Abstract
In real estate property valuation, the availability of comparables is crucial. The reliability of the valuation of the market value depends on the number and on the accuracy of data that a professional can rely on. International standards suggest using historical prices as comparable since they are real transactions of sale/rent of a property that actually happened in a specific market. However, in the Italian real estate market, historical transaction prices are not available for professionals, and they have to base their valuations, primarily, on the asking prices enclosed in the selling advertisements. Asking prices can change in the future as they are subject to negotiation. Besides, sell ads always contain incomplete data or even wrong information.
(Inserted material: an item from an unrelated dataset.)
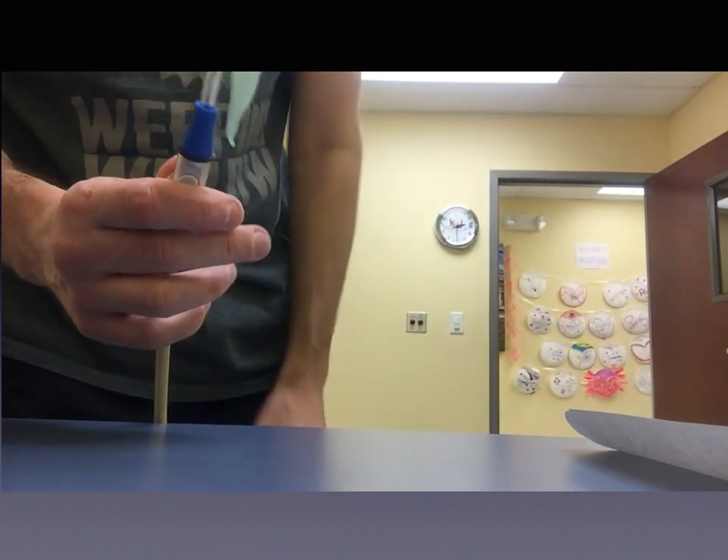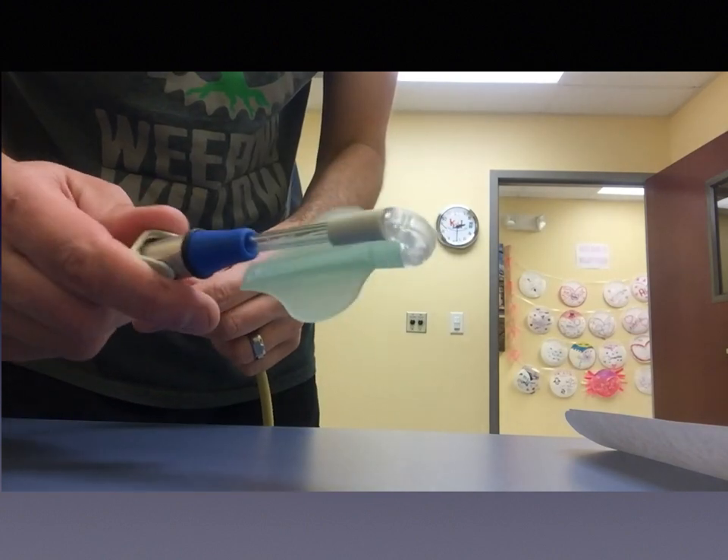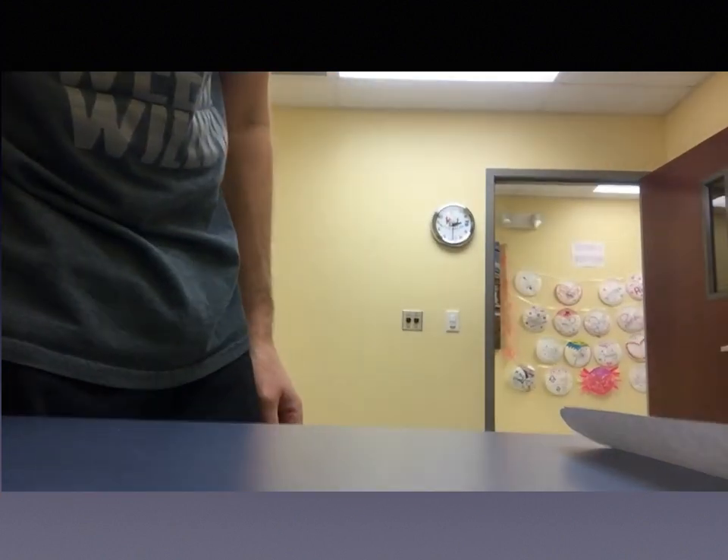Personally, I feel the saliva ejector provides plenty of suction with this product. I don't think you'd need the HVE kit for this unless you wanted to have your saliva ejector handy at the same time. This next video is me using the product — I'm the patient. I usually have a dental assistant helping, but I did a selfie on this one.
In this research, we employ Artificial Neural Networks to estimate how much offer prices and selling advertisements are misleading in property valuation in Italy. We, in a way, assess the opacity of the Italian real estate market, and we designate the major sources of error. The present work is a first step towards developing a model fitted for estimating data accuracy used generally in real estate estimates, namely, asking prices.
Access provided by Autonomous University of Puebla. Download conference paper PDF
Similar content being viewed by others
Keywords
1 Introduction and Background
1.1 Comparison
Real estate valuation methods are based on comparison [1]. Comparison is one of the Italian five valuation principles, and it covers all the estimation approaches recognised by international standards [2]. Comparison, nonetheless, is the principal method sustaining the Market Approach aimed at identifying the market value of a property. Therefore, the only basis for estimating market value is a comparison between the property being valued and other similar properties with known price, cost, or income [3]. As far as the real estate market is concerned, the term “comparable” is often used in every language, both colloquially and within professional standards, in order to restrictively refer to a property, which is located in the same area and which is at similar maintenance level than the subject of the valuation, and whose sale/rental transaction has taken place recently [4].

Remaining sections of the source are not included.